March 26th, 2010 at 1:33 AM ^

You're right, Calipari is great at what he does. The greasy bastard is spectacular at leaving every program he touches in trouble, recruiting 1 and done players, and coaching the most talented players in the country like a complete arrogant prick. I love how his teams can never shoot free throws. It cost Memphis the title 2 years ago and it will cost Kentucky this year in a close game. Karma is a bitch and some team will knock his ass down! ( I still hope the Pistons will win the lottery and land John Wall)

Search4Meaning

March 26th, 2010 at 11:11 AM ^

The Freep simply cops an attitude, says what it wants to say (whenever it wants to,) requires only flimsy proof and feels justified in doing so. Does that about sum it up? Gosh... I don't have a lot of problems with this because at least they're consistent. At least with regards to Michigan. Apparently other institutions are treated differently. But that's all good! You see they live by a important set of double standards... and just because they can do it. And really, that's the important thing here. See? It's so simple when you look at things this way! (for ND and Texas fans only - this was sarcastic. That means that I really don't feel this way, but I am trying to make my point . Sarcasm is the use of witty language (debatable in my case) to convey insults and scorn. Have a nice day!) (for MSU fans only - This was funny. It makes you laugh. Go back and read the comic section now) (for OSU fans only - See Dick run. Run Dick run. See Spot run. )

SouthU

March 26th, 2010 at 12:27 PM ^

OK, I get that folks are amped up to attack everything Rosenberg writes. Yes, all of the abuse he and Snyder take for "Practice-Gate" is well-deserved given their shoddy/shady reporting and anti-RR agenda. Here though, Rosenberg is simply using sarcasm to call Calipari dirty, but a guy who wins games. Sounds right to me.

InterM

March 26th, 2010 at 1:47 PM ^

what you think it means. That article very clearly argues that Calipari is the best at what he does, albeit while acknowledging that many disapprove of what Calipari does and how he does it. No sarcasm to be found in any of that. Nor does Rosenberg even suggest that he is in the "disapproving" camp. Contrast that, if you will, with Rosenberg's article on the Justin Feagin situation.

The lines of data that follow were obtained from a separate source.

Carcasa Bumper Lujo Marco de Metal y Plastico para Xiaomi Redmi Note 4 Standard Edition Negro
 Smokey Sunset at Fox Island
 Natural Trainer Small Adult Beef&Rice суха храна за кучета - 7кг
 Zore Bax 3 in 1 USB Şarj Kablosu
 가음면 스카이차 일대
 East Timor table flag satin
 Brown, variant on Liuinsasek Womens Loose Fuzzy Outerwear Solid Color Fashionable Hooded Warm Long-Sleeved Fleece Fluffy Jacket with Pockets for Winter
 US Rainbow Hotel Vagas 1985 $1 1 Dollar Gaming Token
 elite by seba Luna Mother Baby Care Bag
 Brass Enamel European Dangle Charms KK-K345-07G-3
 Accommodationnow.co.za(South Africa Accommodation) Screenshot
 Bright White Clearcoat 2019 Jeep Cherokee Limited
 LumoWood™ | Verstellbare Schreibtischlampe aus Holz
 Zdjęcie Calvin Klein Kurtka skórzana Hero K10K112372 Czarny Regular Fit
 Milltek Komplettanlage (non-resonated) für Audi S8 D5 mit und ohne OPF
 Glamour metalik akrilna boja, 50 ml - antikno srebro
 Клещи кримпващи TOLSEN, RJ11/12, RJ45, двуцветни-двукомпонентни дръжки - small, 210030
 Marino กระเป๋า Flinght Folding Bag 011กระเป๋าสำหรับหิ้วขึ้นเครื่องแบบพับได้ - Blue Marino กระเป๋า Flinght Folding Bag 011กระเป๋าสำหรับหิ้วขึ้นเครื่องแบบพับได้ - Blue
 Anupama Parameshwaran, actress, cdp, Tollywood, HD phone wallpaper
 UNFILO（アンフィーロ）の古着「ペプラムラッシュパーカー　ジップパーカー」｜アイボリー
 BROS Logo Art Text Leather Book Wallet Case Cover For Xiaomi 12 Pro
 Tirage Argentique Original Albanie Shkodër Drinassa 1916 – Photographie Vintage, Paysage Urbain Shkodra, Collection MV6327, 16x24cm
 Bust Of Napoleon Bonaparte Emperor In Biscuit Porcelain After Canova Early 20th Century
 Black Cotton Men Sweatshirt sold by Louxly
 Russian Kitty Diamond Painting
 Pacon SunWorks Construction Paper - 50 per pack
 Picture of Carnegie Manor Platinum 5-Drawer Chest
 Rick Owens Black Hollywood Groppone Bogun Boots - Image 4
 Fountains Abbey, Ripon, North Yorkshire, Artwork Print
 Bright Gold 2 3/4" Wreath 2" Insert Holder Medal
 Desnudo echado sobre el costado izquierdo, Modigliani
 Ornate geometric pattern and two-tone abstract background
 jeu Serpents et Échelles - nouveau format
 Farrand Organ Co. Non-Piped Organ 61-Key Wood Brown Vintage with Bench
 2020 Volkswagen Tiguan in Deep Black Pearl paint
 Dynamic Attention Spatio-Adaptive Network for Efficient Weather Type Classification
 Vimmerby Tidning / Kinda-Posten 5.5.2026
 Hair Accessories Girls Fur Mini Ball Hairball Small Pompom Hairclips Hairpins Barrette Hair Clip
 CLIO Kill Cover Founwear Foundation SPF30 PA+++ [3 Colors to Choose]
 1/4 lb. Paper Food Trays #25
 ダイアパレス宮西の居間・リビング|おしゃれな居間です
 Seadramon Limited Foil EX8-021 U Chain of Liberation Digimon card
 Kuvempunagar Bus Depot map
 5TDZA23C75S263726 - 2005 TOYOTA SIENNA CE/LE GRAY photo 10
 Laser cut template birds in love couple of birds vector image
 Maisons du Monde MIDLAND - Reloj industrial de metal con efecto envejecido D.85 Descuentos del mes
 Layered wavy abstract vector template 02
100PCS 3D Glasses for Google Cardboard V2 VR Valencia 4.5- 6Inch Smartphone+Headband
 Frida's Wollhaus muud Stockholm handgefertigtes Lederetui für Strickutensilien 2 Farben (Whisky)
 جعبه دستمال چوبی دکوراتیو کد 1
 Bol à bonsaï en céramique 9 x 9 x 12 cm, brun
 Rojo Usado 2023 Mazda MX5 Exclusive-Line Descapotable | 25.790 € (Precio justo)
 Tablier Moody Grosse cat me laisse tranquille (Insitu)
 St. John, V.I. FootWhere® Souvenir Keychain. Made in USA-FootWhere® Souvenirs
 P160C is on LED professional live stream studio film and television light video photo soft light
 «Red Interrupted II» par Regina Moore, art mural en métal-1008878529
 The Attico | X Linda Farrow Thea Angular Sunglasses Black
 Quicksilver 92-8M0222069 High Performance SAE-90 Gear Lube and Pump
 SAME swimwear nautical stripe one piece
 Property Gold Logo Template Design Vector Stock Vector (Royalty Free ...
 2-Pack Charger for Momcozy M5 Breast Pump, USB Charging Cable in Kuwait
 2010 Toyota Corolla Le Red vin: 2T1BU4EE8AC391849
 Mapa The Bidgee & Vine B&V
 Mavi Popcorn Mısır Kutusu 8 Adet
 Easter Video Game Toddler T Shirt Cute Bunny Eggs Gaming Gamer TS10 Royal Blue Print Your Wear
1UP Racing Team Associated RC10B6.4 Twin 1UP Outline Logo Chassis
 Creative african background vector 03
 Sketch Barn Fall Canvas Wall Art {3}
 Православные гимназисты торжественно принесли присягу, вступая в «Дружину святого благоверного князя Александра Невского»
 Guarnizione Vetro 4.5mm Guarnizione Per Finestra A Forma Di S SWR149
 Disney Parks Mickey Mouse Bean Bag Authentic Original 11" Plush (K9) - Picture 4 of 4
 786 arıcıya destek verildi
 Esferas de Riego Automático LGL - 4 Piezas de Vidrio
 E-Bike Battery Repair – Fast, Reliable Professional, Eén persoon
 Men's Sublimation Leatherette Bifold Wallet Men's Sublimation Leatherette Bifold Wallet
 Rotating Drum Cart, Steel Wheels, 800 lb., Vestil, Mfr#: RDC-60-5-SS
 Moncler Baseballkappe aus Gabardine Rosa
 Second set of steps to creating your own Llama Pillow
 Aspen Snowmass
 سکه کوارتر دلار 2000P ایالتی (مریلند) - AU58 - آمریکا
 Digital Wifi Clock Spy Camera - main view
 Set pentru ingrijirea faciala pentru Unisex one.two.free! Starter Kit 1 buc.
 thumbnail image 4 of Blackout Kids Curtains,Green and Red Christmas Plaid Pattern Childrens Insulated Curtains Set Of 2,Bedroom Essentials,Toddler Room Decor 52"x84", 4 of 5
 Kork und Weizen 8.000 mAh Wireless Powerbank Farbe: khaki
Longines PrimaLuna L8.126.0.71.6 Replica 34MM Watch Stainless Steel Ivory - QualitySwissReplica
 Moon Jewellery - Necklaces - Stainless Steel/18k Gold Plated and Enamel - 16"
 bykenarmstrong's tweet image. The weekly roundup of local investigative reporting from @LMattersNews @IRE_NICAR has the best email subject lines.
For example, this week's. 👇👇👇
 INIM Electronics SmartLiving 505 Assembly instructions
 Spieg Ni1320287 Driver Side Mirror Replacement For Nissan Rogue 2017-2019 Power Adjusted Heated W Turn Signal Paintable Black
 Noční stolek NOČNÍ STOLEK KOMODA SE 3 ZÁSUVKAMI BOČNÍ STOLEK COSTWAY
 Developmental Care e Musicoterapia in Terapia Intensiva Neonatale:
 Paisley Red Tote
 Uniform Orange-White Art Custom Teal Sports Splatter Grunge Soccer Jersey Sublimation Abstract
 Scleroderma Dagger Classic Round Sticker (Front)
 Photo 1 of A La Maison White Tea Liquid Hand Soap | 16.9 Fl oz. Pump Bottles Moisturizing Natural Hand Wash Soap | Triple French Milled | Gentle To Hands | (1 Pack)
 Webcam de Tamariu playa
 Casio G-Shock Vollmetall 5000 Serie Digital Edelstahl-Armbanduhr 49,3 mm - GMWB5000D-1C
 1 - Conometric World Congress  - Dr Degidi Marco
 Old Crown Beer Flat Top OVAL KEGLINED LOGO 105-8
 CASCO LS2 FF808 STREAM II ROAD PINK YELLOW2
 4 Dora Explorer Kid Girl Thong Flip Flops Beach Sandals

Feagin was cited as evidence of Rodriguez's "win at all costs" approach, and I defy you to find anything in that article that defends or expresses admiration for that approach in any way, even if Rodriguez were to enjoy Calipari-like "success" with that approach. To the contrary, that article is nothing short of a warning to us dumb-as-a-post Michigan fans that we have hired a slimeball "win at all costs" coach who will surely drag our program into the gutter. Sarcasm? No. Hypocrisy? Yes.